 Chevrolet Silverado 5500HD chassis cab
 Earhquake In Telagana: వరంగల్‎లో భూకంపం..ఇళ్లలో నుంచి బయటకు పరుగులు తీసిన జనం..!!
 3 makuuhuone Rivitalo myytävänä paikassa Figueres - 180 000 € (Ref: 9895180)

=====

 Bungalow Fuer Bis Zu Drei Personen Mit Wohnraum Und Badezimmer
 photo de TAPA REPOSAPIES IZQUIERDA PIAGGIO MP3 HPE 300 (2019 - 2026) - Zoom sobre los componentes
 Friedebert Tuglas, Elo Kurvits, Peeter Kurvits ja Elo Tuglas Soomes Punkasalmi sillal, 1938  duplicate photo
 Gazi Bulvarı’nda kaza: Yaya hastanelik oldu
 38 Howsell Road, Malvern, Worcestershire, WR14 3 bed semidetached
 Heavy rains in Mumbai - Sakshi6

=====

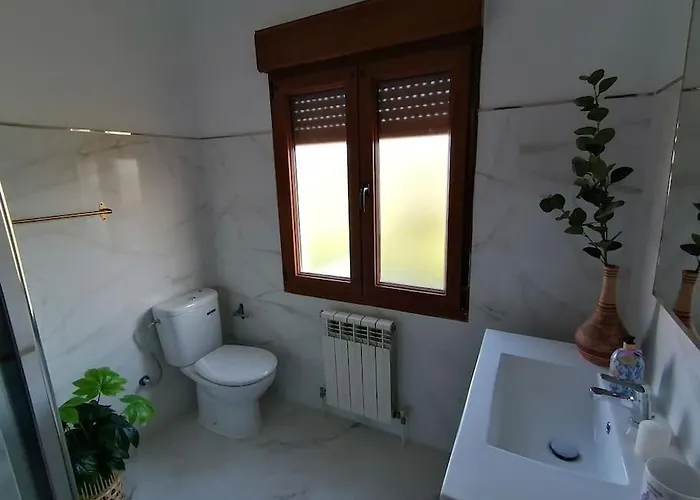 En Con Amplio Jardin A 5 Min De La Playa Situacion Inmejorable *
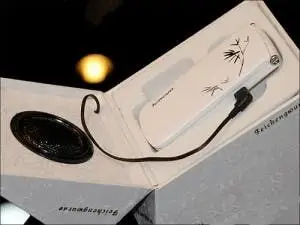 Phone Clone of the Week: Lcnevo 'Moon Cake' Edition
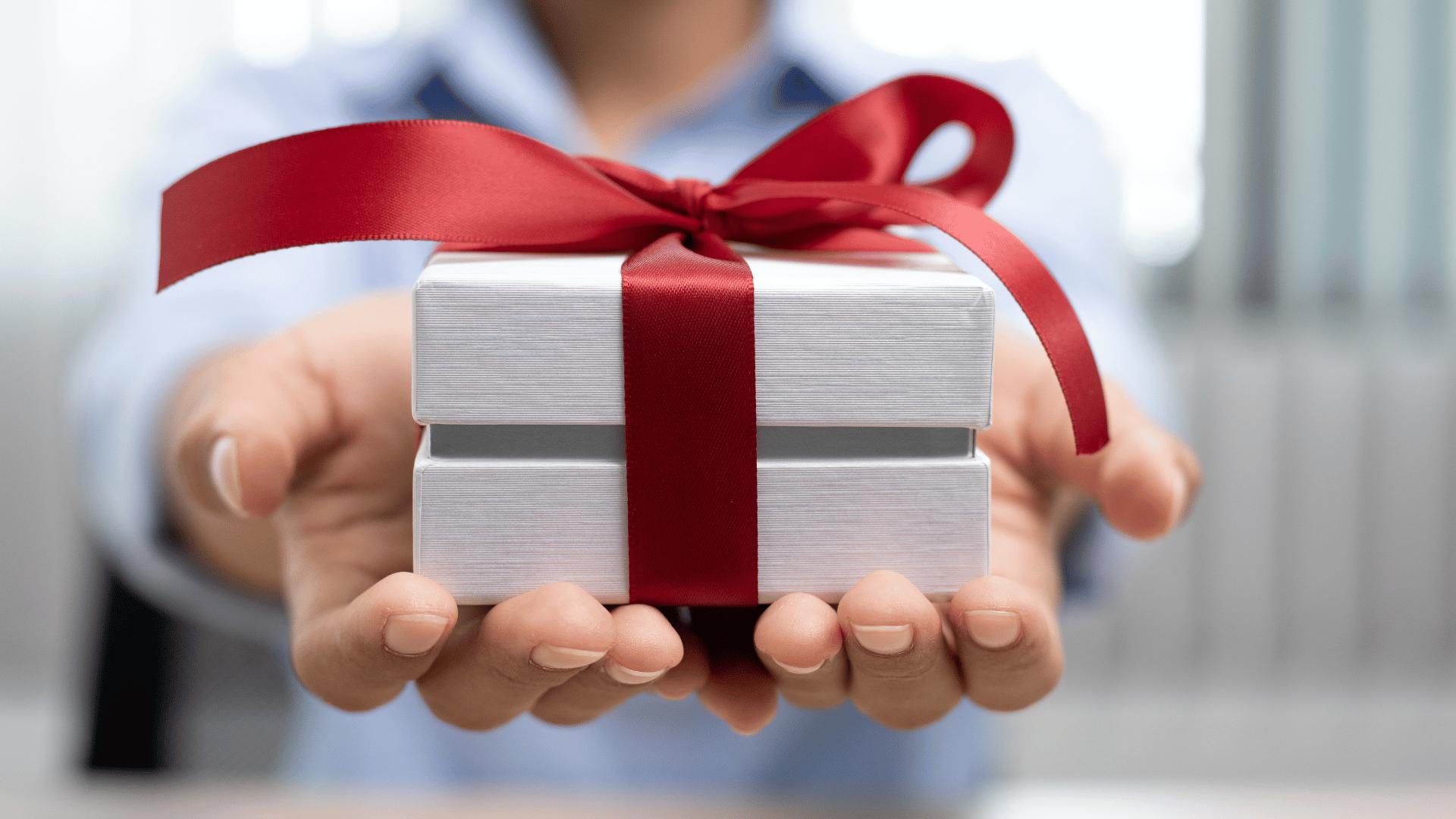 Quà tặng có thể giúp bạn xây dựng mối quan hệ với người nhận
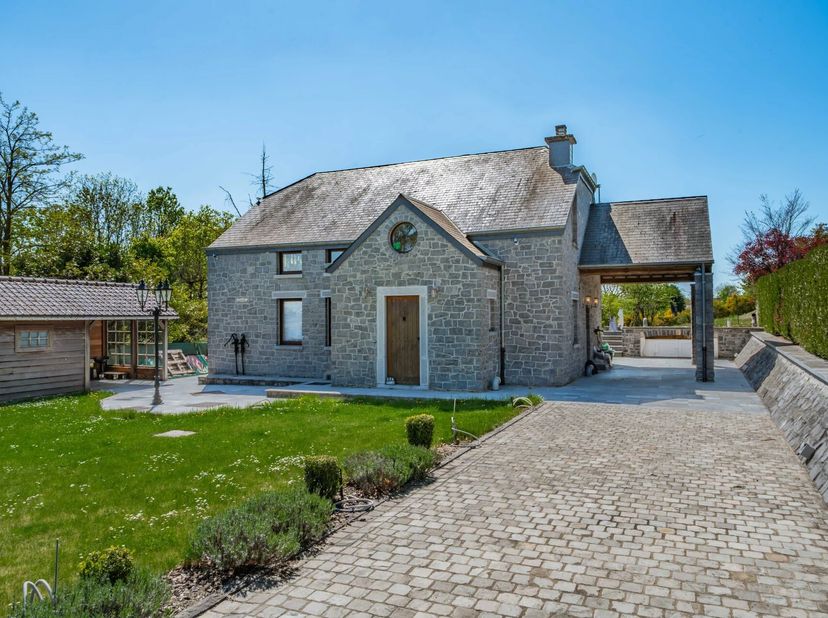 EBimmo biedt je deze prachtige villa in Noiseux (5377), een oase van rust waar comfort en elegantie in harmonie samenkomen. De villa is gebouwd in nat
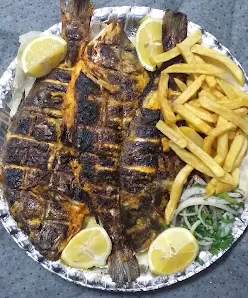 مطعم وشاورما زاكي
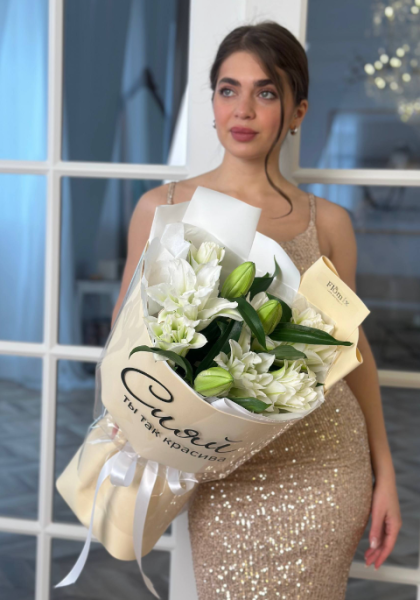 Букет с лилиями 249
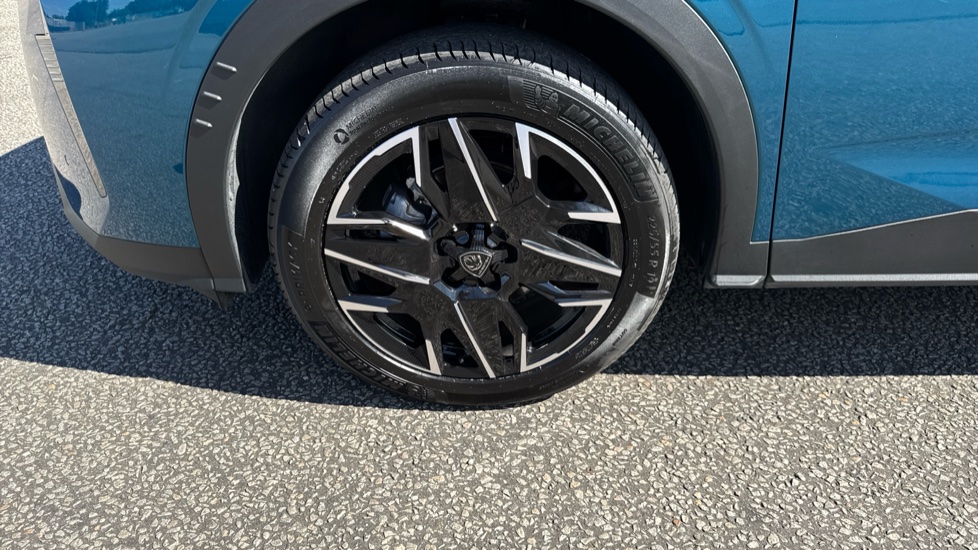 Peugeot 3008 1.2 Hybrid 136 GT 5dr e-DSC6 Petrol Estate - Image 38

=====

What is expected:
Retype the portion of the data above that starts on the line with "Bungalow Fuer Bis" and finishes on the line with "Heavy rains in Mumbai - Sakshi6", including both of those lines.

Task answer:
 Bungalow Fuer Bis Zu Drei Personen Mit Wohnraum Und Badezimmer
 photo de TAPA REPOSAPIES IZQUIERDA PIAGGIO MP3 HPE 300 (2019 - 2026) - Zoom sobre los componentes
 Friedebert Tuglas, Elo Kurvits, Peeter Kurvits ja Elo Tuglas Soomes Punkasalmi sillal, 1938  duplicate photo
 Gazi Bulvarı’nda kaza: Yaya hastanelik oldu
 38 Howsell Road, Malvern, Worcestershire, WR14 3 bed semidetached
 Heavy rains in Mumbai - Sakshi6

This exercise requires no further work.